** PROVIDED DATA follows **

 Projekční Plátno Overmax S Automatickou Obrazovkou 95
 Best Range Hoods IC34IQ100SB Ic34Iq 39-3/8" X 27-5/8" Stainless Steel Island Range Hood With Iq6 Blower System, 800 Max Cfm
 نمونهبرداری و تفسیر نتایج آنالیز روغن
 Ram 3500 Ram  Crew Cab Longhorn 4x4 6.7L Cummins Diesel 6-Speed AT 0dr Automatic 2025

** End of PROVIDED DATA **
** PROVIDED DATA follows **

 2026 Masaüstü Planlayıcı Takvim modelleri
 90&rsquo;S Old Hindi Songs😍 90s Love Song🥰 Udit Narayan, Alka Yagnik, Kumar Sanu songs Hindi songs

** End of PROVIDED DATA **
** PROVIDED DATA follows **

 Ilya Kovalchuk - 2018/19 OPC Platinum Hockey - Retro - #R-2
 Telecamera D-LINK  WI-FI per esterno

** End of PROVIDED DATA **

▶ ACTIVITY
Scan the lines above for "Projekční Plátno Overmax" and for "Ram 3500 Ram". Repeat exactly the line holding each of them and every line in between.

▶ ANSWER TO THE EXERCISE
 Projekční Plátno Overmax S Automatickou Obrazovkou 95
 Best Range Hoods IC34IQ100SB Ic34Iq 39-3/8" X 27-5/8" Stainless Steel Island Range Hood With Iq6 Blower System, 800 Max Cfm
 نمونهبرداری و تفسیر نتایج آنالیز روغن
 Ram 3500 Ram  Crew Cab Longhorn 4x4 6.7L Cummins Diesel 6-Speed AT 0dr Automatic 2025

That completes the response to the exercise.